New Delhi, September 13: The unprecedented revamp in the global economic order after the demise of Lehman Brothers a year ago is expected to see increased clout for India and China in global affairs.
Analysts feel that gradually emerging markets, especially India and China, two of the world’s fastest growing economies, would have a greater role to play in charting international economic policy co-ordination.
“They (India and China) have surprised the world by maintaining strong growth rates,” Sherman Chan, who is an Economist with financial services firm Moody’s Economy.com said.
“Both should have a greater say in global affairs over time, but this should be due to their growing contribution to the global economy rather than their role in supporting the global economy during the crisis,” Chan noted.
India and China have witnessed good growth despite the raging financial turmoil that has pushed many industrial nations deep into recession.
“We expect emerging markets (including India and China) to have a greater role in shaping global economic policy co-ordination, but it will continue to be a gradual process,” James McCormack, the Head of Asia-Pacific Sovereign Ratings at Fitch Ratings said.

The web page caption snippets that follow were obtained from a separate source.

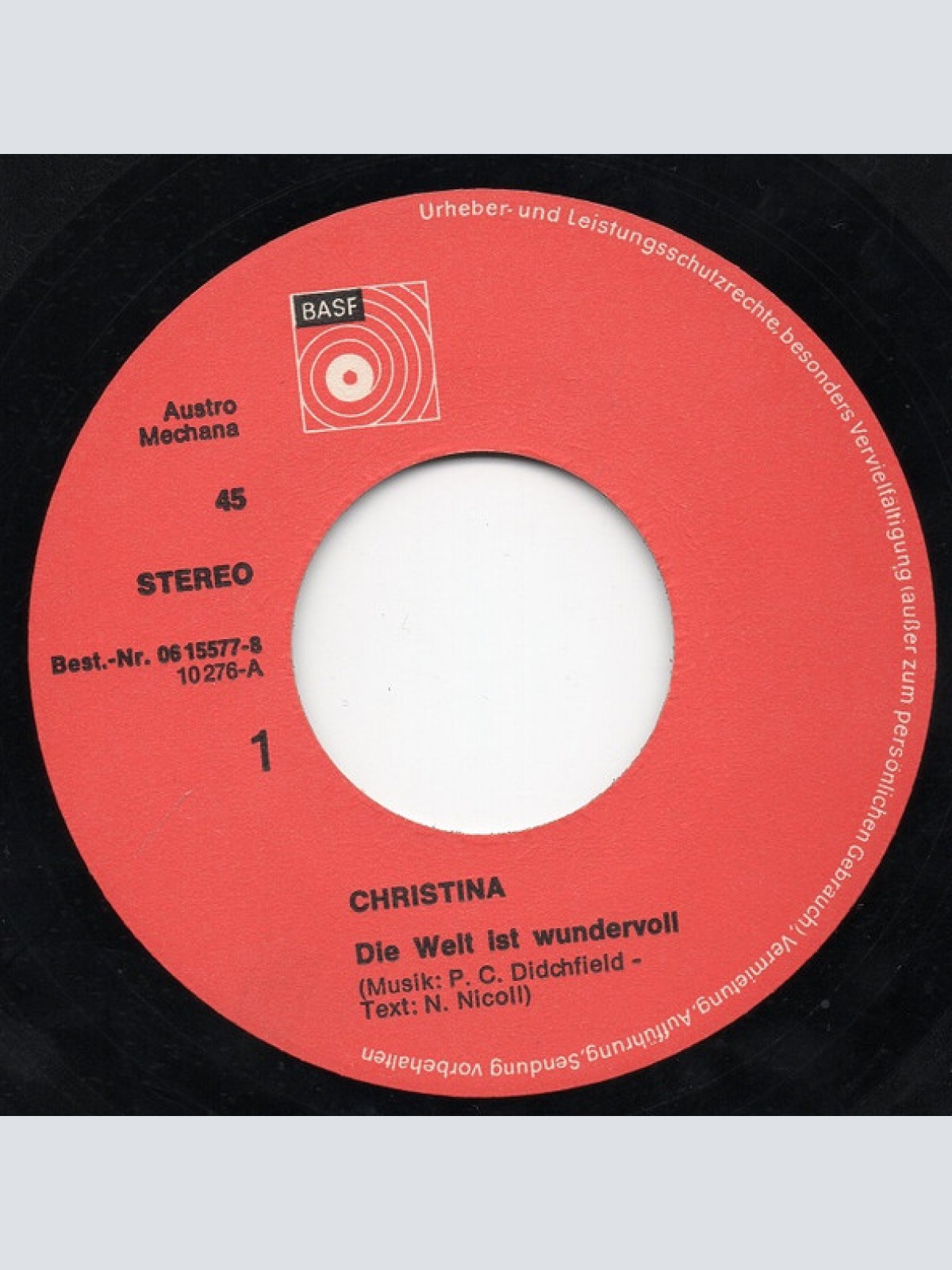 Vinyl / Christina* - Die Welt Ist Wundervoll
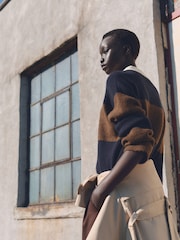 Mango Blue Striped Polo Jumper - Image 6 of 8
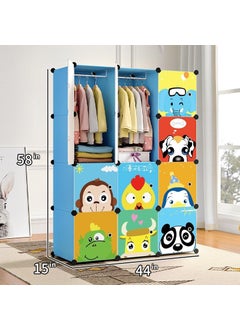 HOPz HOPz Almirah for ClothesPlastic Soft Sheet Collapsible Wardrobe for Clothes for Kids ClothesToyBook Baby Cupboard for Clothes Storage in Bedroom NurseryCartoon Blue 12Shelf12Door HZ12  - Image 2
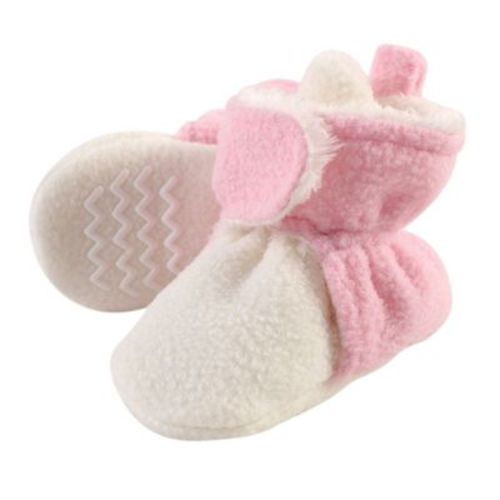 Hudson Baby Infant and Toddler Girl Cozy Fleece and Faux Shearling Booties, Light Pink Cream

McCormack noted that there has been a trend of economic power shift more towards emerging markets as they avoided the worst of the global downturn.

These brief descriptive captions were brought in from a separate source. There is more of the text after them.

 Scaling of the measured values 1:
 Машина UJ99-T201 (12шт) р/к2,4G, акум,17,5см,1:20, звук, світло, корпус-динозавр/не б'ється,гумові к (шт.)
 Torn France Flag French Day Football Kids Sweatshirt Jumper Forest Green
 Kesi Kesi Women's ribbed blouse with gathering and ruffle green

“To be sure, there has been a trend increase in the role of emerging markets…,” McCormack added.
India clocked a GDP growth of 6.1 percent in the June quarter while Chinese economy expanded 7.9 percent during the same period.
Moreover, India’s factory productions rose for the second month in a row growing by 6.8 percent in July against 6.4 percent a year ago.

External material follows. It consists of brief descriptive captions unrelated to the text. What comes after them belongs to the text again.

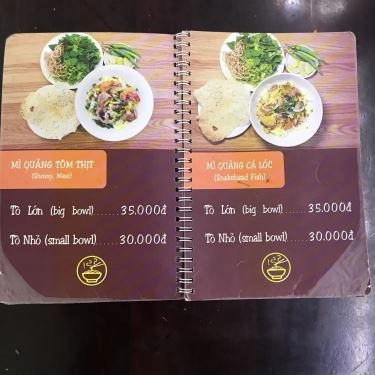 Thực đơn- Quán Ăn Mì Quảng Nam 127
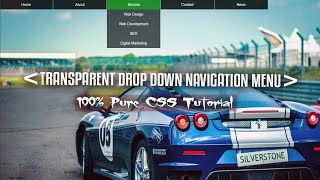 How to Create Transparent Drop Down Navigation Menu | Create Navigation Menu with CSS and HTML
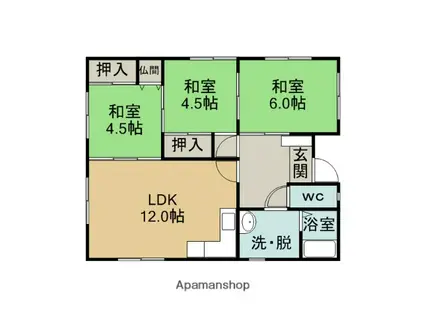 川浪荘(3LDK/2階)の間取り写真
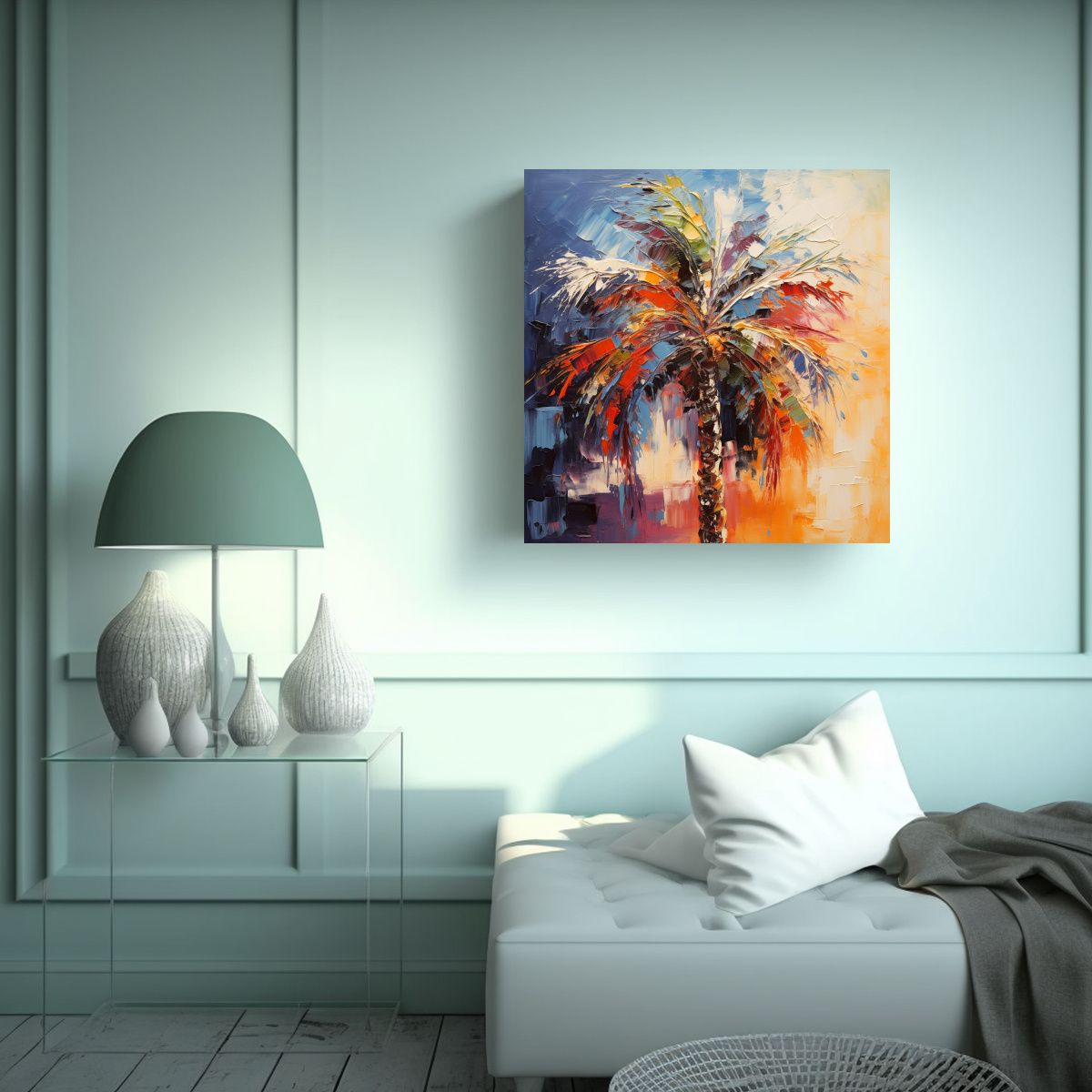 GENERICO - Cuadro Abstracto Vintage Reflejo De Una Palmera 50x50 Cm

Pushing the global financial system into a tizzy, then famed Wall Street entity Lehman Brothers went bankrupt on September 15, last year.
According to Subir Gokarn, who is the Chief Economist at Standard & Poor’s (Asia-Pacific}, the domestic fundamentals of India are strong, which has helped the country to withstand the crisis with “least damage”.
Gokarn said that at the macro level, India has a fair amount of resilience and that as a whole worldwide, economic growth is slowly stabilising.
While industrialised nations like Germany, Japan and France have exited recession, the American economy is slowly showing signs of recovery. The US GDP contracted less at one percent in the second quarter and the pace of job losses has declined.
In terms of fall out of the crisis, analysts feel that everyone would now be more cautious.
“I think everyone has learnt a lesson from the global turmoil in the past year or two. Government bodies have learnt the importance of adequate regulation and businesses have seen the consequences of excessive risk taking,” Chan said.